Faber Birren states that if a person prefers warmer colours such as hues of red and oranges, they are likely to me more aware of their social environment. He labels these as “warm colour dominant subjects.” On the other hand, those preferring cooler colours such as blues and greens, are categorized generally as “cold colour dominant subjects” and are recognised as finding it challenging to adapt themselves to new environments and situations”(Pg138). By splitting people into separate categories, based on their colour preferences, Birren finds himself able to establish a greater understanding of their personalities and characteristics. One experiment Birren explores in his text, courtesy of Kurt Goldstein, involves a subject standing before a black wall with his eyes shut and arms outstretched to touch the wall in front. When the subject is influenced by a warm colour such as the colour red, his arms deviate away from each other, whereas when under the influence of a cooler colour such as green or blue, even though the reaction is a subtle one, the subject will move his arms closer together. I find this experiment, simple as it is, to be fascinating in highlighting the strong effects colours have on our minds and bodies.
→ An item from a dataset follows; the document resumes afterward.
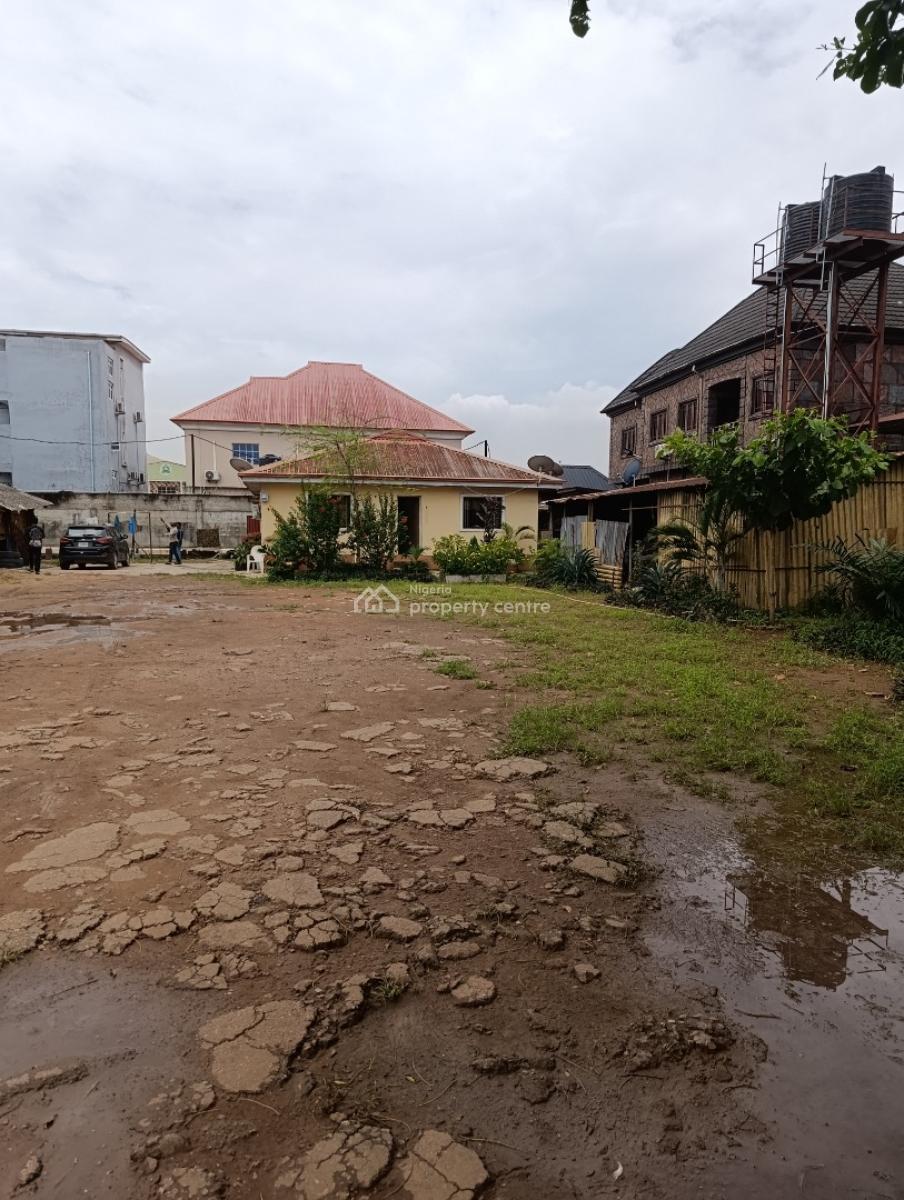 Industrial Factory/warehouses at Abule Odu Egbeda, Off Abule Odu Egbeda Idimu Lagos, Alimosho, Lagos, Factory for Sale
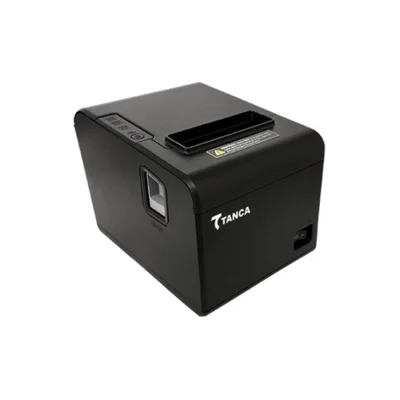 Impressora Não Fiscal Tanca Tp620, USB/eth 004741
As well as distinguishing the differences in peoples’ character through his use of colour psychology, Birren also touches on the effects colours can have on the mentally ill, in this text. This section was the most interesting and involved a series of complex experiments such as discovering which neurological disorders were linked to which colours. Courtesy of the work by Hans Huber, it was proven that patients suffering manic tendencies preferred the colour red, a symbol of blood and anger. Hysterical patients were more sensitive to green, “perhaps as an escape”, the colour linked to paranoid subjects was found to be brown and schizophrenics are sensitive to yellow.

Birren states that persons troubled with “nervous (neurotic) and mental(psychotic) disturbances are greatly affected by colour and are responsive to it”. Therefore colour becomes much more significant to them, and affects them in a completely different way than those without such neurological disturbances. Chapter 12 Neurotics and Psychotics is the most compelling in the text as it relates to my dissertation topic. After struggling to find texts specific to my research subject, this text and its contents came as a welcomed discovery and I will be referring to Birren’s work throughout my further research.